Data block
+++
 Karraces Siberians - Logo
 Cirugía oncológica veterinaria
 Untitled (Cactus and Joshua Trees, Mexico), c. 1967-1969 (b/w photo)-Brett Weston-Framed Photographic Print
+++
Take the line holding "Cirugía oncológica veterinaria" and all lines after it through the end of the data, and set them down exactly.

 Cirugía oncológica veterinaria
 Untitled (Cactus and Joshua Trees, Mexico), c. 1967-1969 (b/w photo)-Brett Weston-Framed Photographic Print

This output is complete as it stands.